There are brothers and sisters who have great sensitivity and deeply enjoy the things of God. They have received such a precious faith that the Blessed Virgin Mary, the Sacred Heart of Jesus, and the Eucharist are enough for them to feel embraced and protected, and to realize that the whole mystery of God is there. The key in this case is to aspire to this faith that is so precious and complete.
Among us, we can also become hardened, demanding, cold, and calculating in the faith. There are people in the Christian community who do not look favorably on these devotions and arrogantly judge the brothers and sisters who possess this precious faith, which they have based on the Sacred Hearts of Jesus and Mary.

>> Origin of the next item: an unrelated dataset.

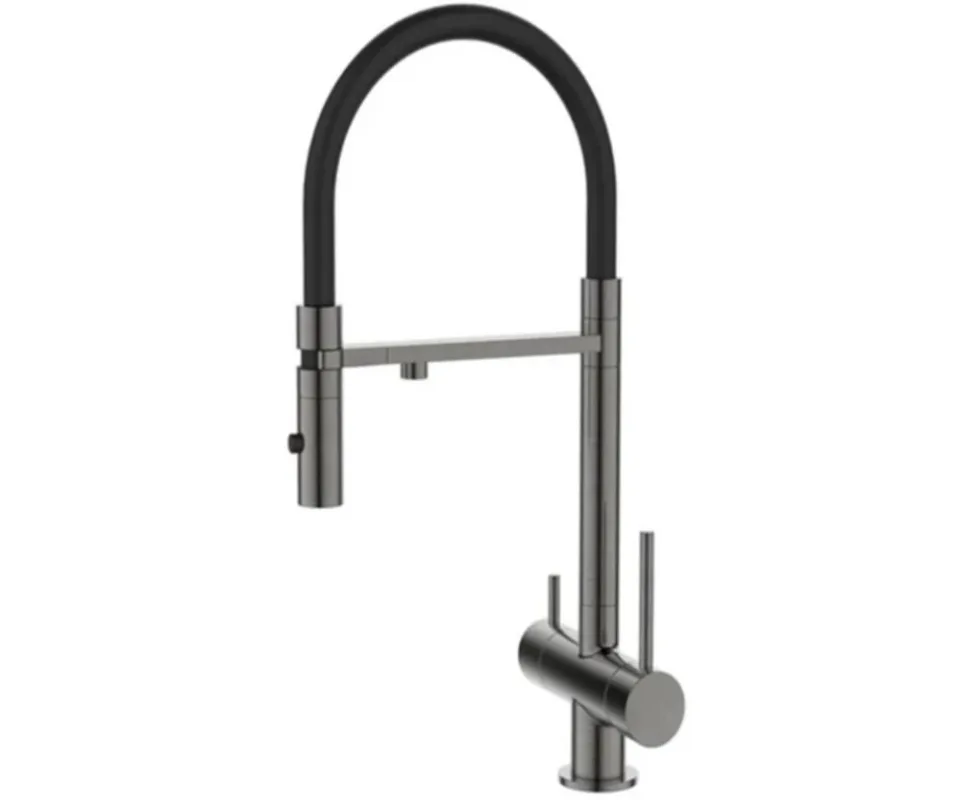 Смеситель DQ DA1462506Grey для кухни с гибким изливом и функцией подключения фильтра вороненая сталь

It is not just any devotion, for the first Christians already meditated upon and held great devotion to the Heart of Jesus. Recall that biblical expression about the Heart of Christ pierced by the soldier’s lance. From antiquity there was devotion to the Sacred Heart of Jesus, and certainly with St. Margaret Mary Alacoque it received an impulse that reached our grandparents, our parents, and the Christian communities from whom we are learning that there are brothers and sisters who can have a faith so precious and simple that it eventually captivates us as well.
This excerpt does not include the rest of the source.